Wola Massacre - Aftermath

Aftermath

Up until mid September, the Nazis were shooting all captured insurgents on the spot. After SS-Obergruppenführer Erich von dem Bach arrived in Warsaw (7 August 1944), it became clear that atrocities only stiffened the resistance and that some political solution should be found, considering the limited forces at the disposal of the German commander. The aim was to gain a significant victory to show the Polish Home Army the futility of further fighting and make them surrender. This did not immediately succeed, but from the end of September on, some of the captured Polish fighters were treated as prisoners of war and civilians were spared, and in the end the districts of Warsaw still held by insurgents capitulated on 3 October 1944.
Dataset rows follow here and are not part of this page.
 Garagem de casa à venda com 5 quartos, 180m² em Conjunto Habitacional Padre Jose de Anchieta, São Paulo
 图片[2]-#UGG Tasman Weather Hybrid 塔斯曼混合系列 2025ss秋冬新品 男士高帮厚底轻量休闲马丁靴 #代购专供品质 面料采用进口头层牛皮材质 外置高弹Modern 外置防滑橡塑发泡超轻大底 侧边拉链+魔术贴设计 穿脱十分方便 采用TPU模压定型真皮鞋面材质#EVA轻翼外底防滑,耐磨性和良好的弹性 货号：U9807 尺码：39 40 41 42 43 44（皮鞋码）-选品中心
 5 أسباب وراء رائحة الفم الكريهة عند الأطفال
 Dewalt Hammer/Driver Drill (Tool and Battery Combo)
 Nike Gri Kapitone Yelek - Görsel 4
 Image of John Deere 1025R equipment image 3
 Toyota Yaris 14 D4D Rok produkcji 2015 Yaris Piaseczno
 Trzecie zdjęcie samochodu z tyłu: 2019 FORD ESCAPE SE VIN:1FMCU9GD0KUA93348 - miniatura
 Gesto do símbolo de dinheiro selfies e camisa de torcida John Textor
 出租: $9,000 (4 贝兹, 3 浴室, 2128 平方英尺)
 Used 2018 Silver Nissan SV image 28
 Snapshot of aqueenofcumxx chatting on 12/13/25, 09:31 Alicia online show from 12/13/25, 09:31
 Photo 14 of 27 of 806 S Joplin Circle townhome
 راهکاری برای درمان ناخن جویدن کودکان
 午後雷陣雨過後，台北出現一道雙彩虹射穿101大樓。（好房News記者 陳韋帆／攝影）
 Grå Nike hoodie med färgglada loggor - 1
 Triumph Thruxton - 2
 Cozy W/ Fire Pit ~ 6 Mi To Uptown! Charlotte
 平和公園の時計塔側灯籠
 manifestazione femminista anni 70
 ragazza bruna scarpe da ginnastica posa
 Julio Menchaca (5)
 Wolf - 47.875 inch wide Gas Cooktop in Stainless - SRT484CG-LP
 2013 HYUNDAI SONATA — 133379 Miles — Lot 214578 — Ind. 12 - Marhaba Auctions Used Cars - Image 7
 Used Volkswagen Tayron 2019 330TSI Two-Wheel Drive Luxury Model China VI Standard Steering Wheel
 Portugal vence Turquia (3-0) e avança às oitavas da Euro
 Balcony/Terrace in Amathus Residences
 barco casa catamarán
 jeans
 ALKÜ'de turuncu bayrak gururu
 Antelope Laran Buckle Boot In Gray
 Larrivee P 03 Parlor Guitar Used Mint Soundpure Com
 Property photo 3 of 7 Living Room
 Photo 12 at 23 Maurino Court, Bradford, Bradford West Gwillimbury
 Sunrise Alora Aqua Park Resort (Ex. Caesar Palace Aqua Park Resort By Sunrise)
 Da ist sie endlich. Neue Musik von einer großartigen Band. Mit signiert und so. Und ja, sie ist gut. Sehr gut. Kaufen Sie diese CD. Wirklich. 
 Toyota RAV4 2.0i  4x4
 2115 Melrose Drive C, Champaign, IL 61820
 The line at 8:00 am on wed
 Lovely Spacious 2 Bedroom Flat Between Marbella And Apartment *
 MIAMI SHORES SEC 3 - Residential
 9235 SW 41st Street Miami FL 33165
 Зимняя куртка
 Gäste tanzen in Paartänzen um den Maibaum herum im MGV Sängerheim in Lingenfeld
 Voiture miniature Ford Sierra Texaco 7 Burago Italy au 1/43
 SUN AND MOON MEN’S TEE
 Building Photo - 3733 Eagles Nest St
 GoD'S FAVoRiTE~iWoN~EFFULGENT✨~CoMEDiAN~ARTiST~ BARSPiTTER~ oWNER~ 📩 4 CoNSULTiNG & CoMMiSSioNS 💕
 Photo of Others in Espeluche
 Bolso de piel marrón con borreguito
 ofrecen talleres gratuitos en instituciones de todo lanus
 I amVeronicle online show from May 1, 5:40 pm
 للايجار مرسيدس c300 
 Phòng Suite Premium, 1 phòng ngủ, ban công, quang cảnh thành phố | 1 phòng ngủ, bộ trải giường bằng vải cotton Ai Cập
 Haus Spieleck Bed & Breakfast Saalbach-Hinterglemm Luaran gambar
No one belonging to the German forces who took part in the atrocities committed during the Warsaw uprising was ever prosecuted after the end of the war. The main perpetrators of the Wola and Ochota massacres were Heinz Reinefarth and Oskar Dirlewanger. Dirlewanger, who presided over the worst acts of violence, was arrested on June 1, 1945 by the French occupation troops while hiding under a false name near the town of Altshausen in Upper Swabia. He died on June 7, 1945 in a French prison camp at Altshausen, probably as a result of ill-treatment by his Polish guards. In 1945, Reinefarth was taken into custody by the British and American authorities but was never prosecuted for his actions in Warsaw despite Polish requests for his extradition. After a West German court released him citing a lack of evidence, Reinefarth enjoyed a successful post-war career as a lawyer becoming the mayor of Westerland, and a member of the Landtag of Schleswig-Holstein. The West German government also gave the former SS-Obergruppenführer a general's pension. He died in 1979.

A list of several former SS Dirlewanger members still alive in May 2008 was made available by the Warsaw Uprising Museum in May 2008.